Uno tiene la sensación de que la violencia en México va rompiendo umbrales, abriendo territorios distintos a los del narcotráfico.
De hecho esta es la hipótesis central del muy citado estudio de Fernando Escalante “La muerte tiene permiso”, del que yo he dado sucesivas versiones en esta página.
La espiral homicida no viene sólo de la violencia asociada al narcotráfico, aunque ella sea la franja mayor, sino también de la ruptura de otros circuitos, cuyas diferencias metemos sin reflexión ni cuidado bajo el paraguas genérico de “crimen organizado”.
Es posible que violencias de otro origen, de una lógica y una causa distintas a las del “crimen organizado”, hayan empezado a darse bajo la coartada general de esta etiqueta.

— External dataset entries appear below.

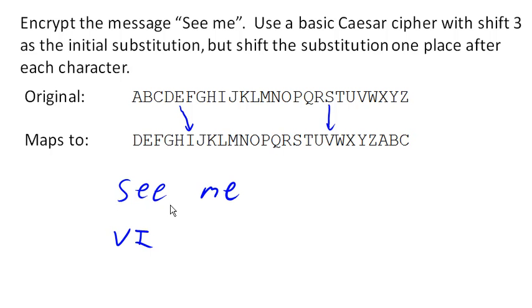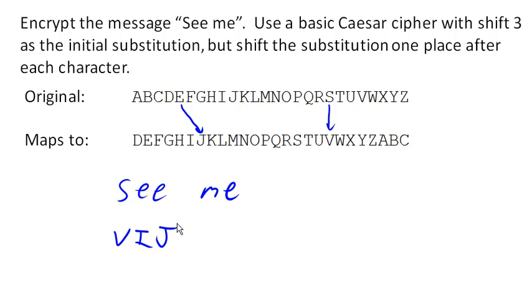And then we shift again, which means the next time we're going to shift—E is going to map to J.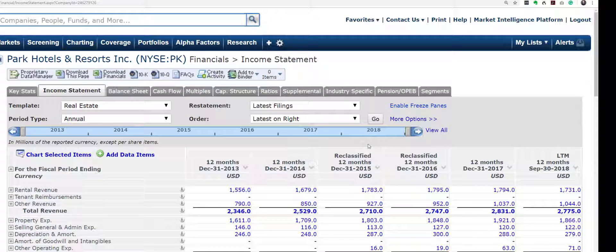I encourage you to go out and play around with the screens. You have got a number of things that are specific to REITs that you can include as criteria in your screen to identify undervalued REITs.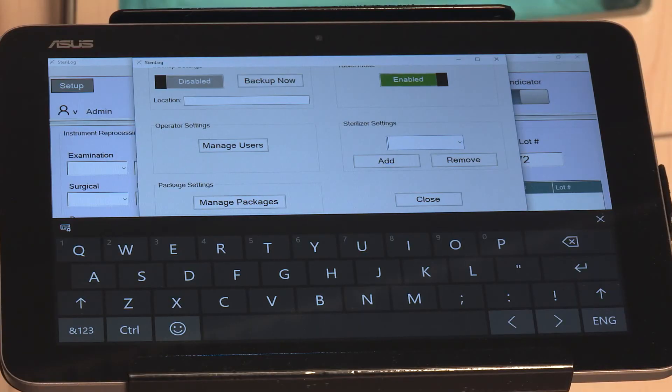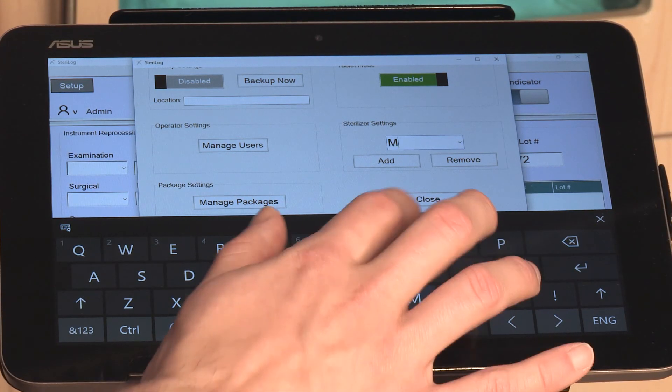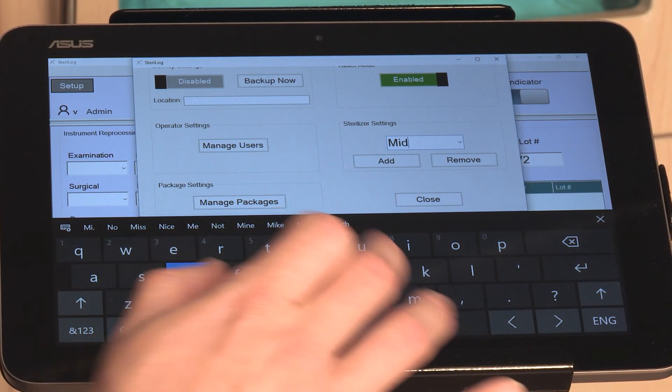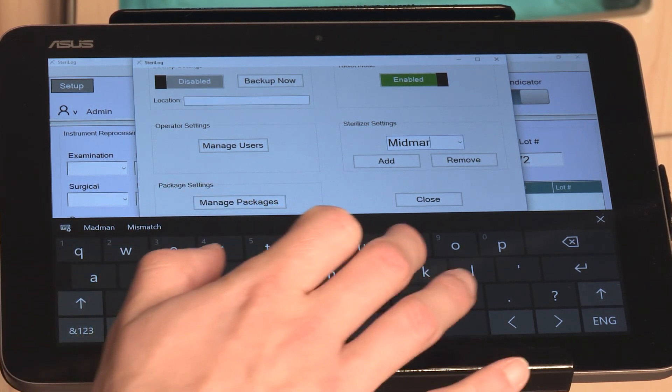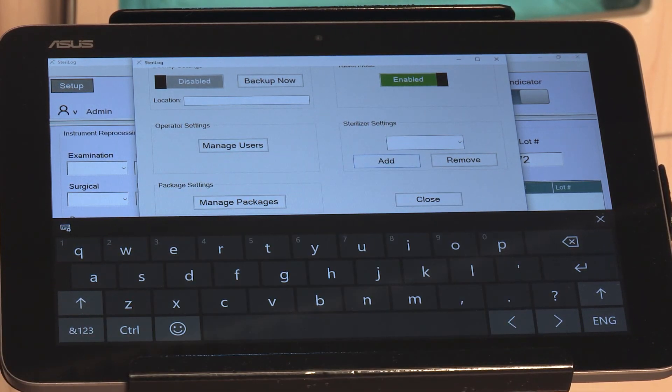To add another sterilizer, so say Midmark, you would just key it in and again hit Add.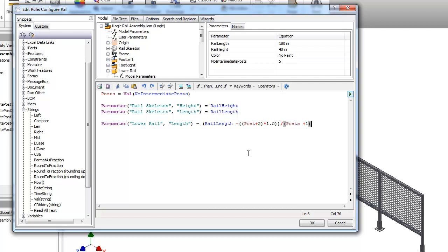Actually, the posts variable is kind of what I'm using to determine how many sections I have. And each of the gratings there are going to be equal to how many posts I have, plus an additional one.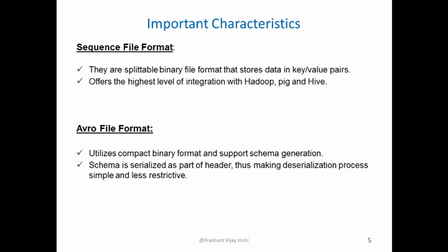Sequence file formats are binary file formats that store data in key value pairs. It offers the highest level of integration for Hadoop and its ecosystem.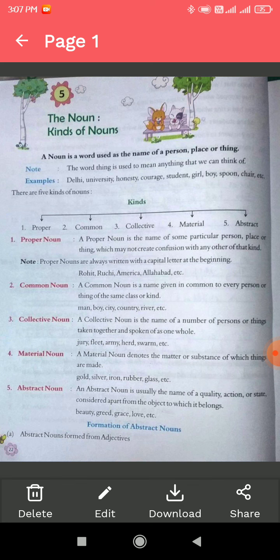Next type of noun is material noun. A material noun denotes the matter or substance of which things are made. For example: gold, silver, iron, rubber, glass, and so on. Material noun refers to all materialistic things that surround us. For example, a pen is used for writing purposes and it is made of plastic — plastic is a substance, so 'plastic' is a material noun.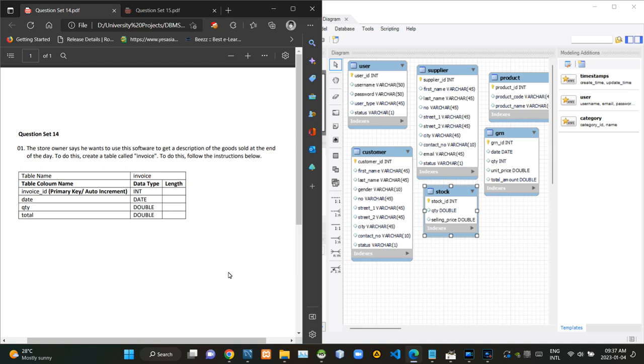Hello folks, welcome to today's part of the database management system's revision video series. In this video, I'm gonna answer question set number 14. This video is gonna be a follow-up to the last question, which is question number 13.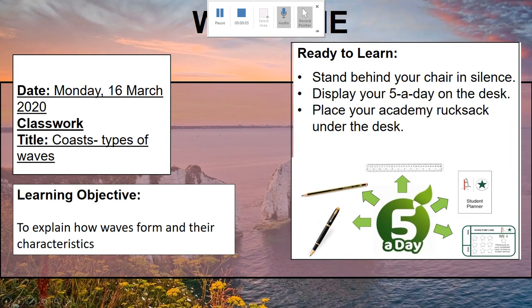Good morning, Mr. Leake here. We're going to do a lesson video on coasts today. We're going to look specifically at the different types of waves, their characteristics, and the differences between them. We're also going to look at how waves are actually formed, and then the differences between the two specific types of waves — how they form, what their characteristics are, and how we can tell them apart.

Quizá el mensaje mayor que emiten los medios cuando hablan de la violencia, no sea la violencia misma, las cifras siempre al alza de los ejecutómetros, las siniestras modalidades de descabezamientos y mutilaciones con que los homicidas proclaman sus muertos, sino la consistente impunidad asociada a estas noticias. Sabemos de crímenes mucho más que de castigos.
El mensaje genérico de impunidad es una invitación a los locos y a los violentos, una reiterada promesa de que pueden proceder a ser violentos con la muy alta probabilidad de no ser castigados.
Y entonces empiezan a saltar en otros circuitos violentos, distintos a los del “crimen organizado”, las “oportunidades” de matar sin consecuencias con cargo a la hipótesis de la “guerra contra el narco” y sus equivalentes.
Los muchachos drogados que matan a la activista Susana Chávez en Ciudad Juárez le cortan la mano para hacer aparecer su crimen como ejecución del “crimen organizado”.